> INPUT DATA:
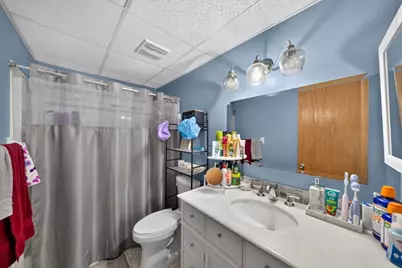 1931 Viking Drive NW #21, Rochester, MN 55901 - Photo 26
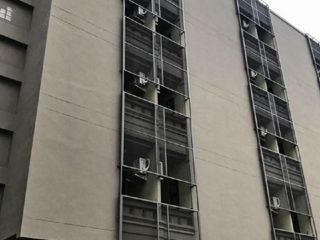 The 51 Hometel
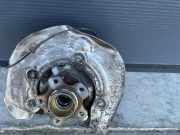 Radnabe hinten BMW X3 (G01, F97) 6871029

--

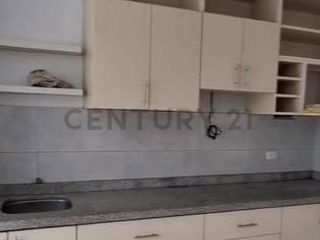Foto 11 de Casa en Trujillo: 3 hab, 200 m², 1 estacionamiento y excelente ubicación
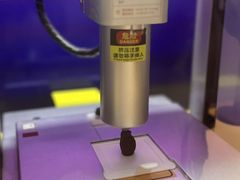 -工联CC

> YOUR ASSIGNMENT: Range to print from the listing above: from the line with "The 51 Hometel" up to and including the line with "Radnabe hinten BMW X3 (G01, F97) 6871029". Please print those lines exactly, with no pictures and nothing more.

> ANSWER:
 The 51 Hometel
 Radnabe hinten BMW X3 (G01, F97) 6871029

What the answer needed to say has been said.